Some species of eucalyptus trees can grow as tall as 330 ft. (100 m). Eucalyptus shrubs—known as mallees—grow up to 33 ft. (10 m) tall.

Eucalyptus plants can grow well as houseplants in containers. However, eucalyptus plants are fast-growing shrubs and trees and may soon outgrow your indoor spaces. Some eucalyptus species grow as fast as 8 ft. (2 m) in one season.

In this article, you’ll find out about the most common eucalyptus trees. Descriptions and pictures of eucalyptus tree leaves, flowers, and bark will help identify eucalyptus shrub and tree species.

Facts About the Eucalyptus Plant

There are over 700 species of eucalyptus plants that grow as evergreen shrubs or medium to tall trees.

Common species of eucalyptus trees are the rainbow eucalyptus (Eucalyptus deglupta) that’s identified by its colorful bark, the lemon eucalyptus plant (Eucalyptus citriodora) with leaves giving off a citrusy lemon aroma, and the silver princess gum tree (Eucalyptus caesia).

Plants in the genus Eucalyptus belong to the myrtle family Myrtaceae.

Although eucalyptus trees mainly grow in Australia, they grow in many other North and South American, Asian, and European countries.

The leaves from the eucalyptus tree have an intense aroma, and oil from the leaves is used for producing essential oils. Eucalyptus leaves are also a source of food for one of Australia’s most famous bears—the koala bear.

Growing Eucalyptus Plants

Eucalyptus trees and shrubs are fast-growing plants that thrive in full sun. In their native habitat, most eucalyptus plants can’t grow in temperatures below 10°F (-12°C). Most eucalyptus plants grow in USDA zones 8 to 11. However, some species like the rainbow eucalyptus, are cold-hardy in zones 10 and 11.

Eucalyptus plants are attractive houseplants and thrive indoors. Potted eucalyptus plants can grow up to 8 ft. (2 m) from seed in one season. You should place the eucalyptus houseplant in full sun and grow in a well-draining potting mix. If you grow potted eucalyptus on the patio outdoors in summer, bring it inside before the first frost.

Eucalyptus Tree Leaves

Eucalyptus leaves identification

Eucalyptus leaves can vary in shape, depending on the tree species and its maturity

Most eucalyptus trees have evergreen leaves that are lanceolate-shaped with a glossy green look. However, on immature eucalyptus plants, the leaves may be more rounded with a dull grayish-green color. Yet, eucalyptus trees have many leaf shape variations between the hundreds of eucalyptus species.

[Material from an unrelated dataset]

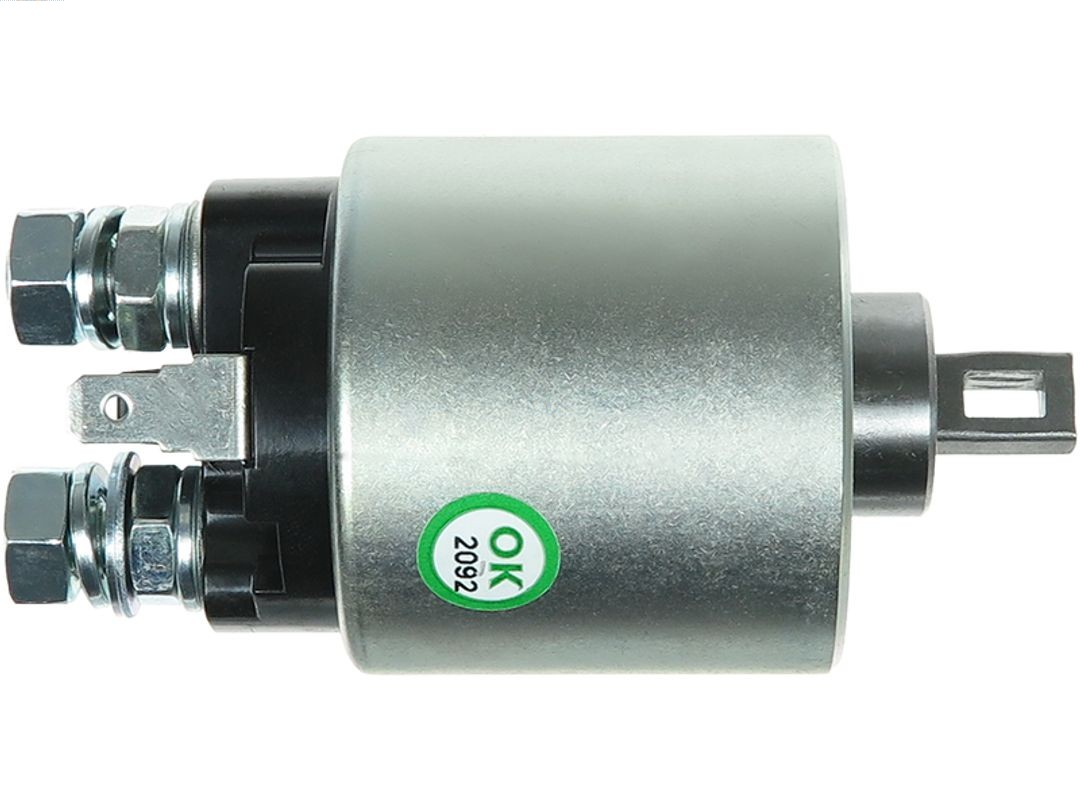 SS2062P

All eucalyptus plant leaves have an aromatic scent. People describe the aroma of eucalyptus leaves as minty pine with hints of sweet honey. The leaves contain aromatic oils that make eucalyptus shrubs an essential commercial plant.

Eucalyptus leaves are highly ornamental. Due to this fact, they are popular for use as decoration in dried flower and foliage arrangements. Eucalyptus leaves grow oppositely on square stems and always in pairs. This growth feature makes dried eucalyptus stems and leaves highly desirable.

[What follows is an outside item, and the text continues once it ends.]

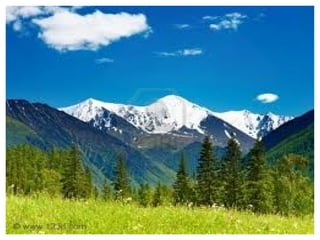 Desde hace varios años se ha ido anunciando que habrá un fuerte impacto en la agricultura  debido a las sequías e inundaciones  y por otro lado la seguridad alimentaria de los consumidores. El hombre hace mucho uso de pesticidas y de bio-combustibles y esto pone en riesgo la calidad de los alimentos. 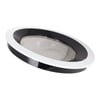 Beko Washing Machine Front Door Assembly - Image 8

Some of the most attractive eucalyptus leaves grow in a spiral formation on five-sided stems. Because the leaves change shape during growth—and different species have various leaf patterns—the leaves on eucalyptus plants are some of the most appealing from any species of evergreen tree.

It’s easy to dry eucalyptus leaves for use as a decorative feature in your home. Just snip the stems from the plant, tie them together in a bunch, and hang them upside down to dry. Leaves from older eucalyptus plants become slightly leathery, whereas young eucalyptus leaves turn crispy.

Eucalyptus Tree Bark

Eucalyptus Tree Bark

Eucalyptus tree bark has various features depending on the species, from smooth to farrowed and also multicolored

There are no common identifying features of eucalyptus tree bark. In general, eucalyptus trees have smooth bark because old bark dries and sheds every year. Some eucalyptus species, such as the rainbow eucalyptus (Eucalyptus deglupta), have fascinating multicolored bark. Other varieties of eucalyptus trees have stringybark which is fibrous tough bark with deep furrows, or flaky bark like cork.

Eucalyptus Tree Flowers

Eucalyptus flowers

The fuzzy eucalyptus flowers can come in variety of colors

Eucalyptus plants are species of flowering trees and shrubs. The unusual eucalyptus flowers have a fuzzy look due to abundant stamens growing in a circle. Flowers from eucalyptus plants trees can be white, cream, yellow, pink, or bright red colors.

Eucalyptus Tree Identification

The main identifying feature of eucalyptus trees is their strongly-scented leaves. However, eucalyptus plants have attractive growth that can help to identify varieties of eucalyptus trees.

The three main types of eucalyptus plants are mallee eucalyptus, marlock or moort eucalyptus and mallet types of eucalyptus.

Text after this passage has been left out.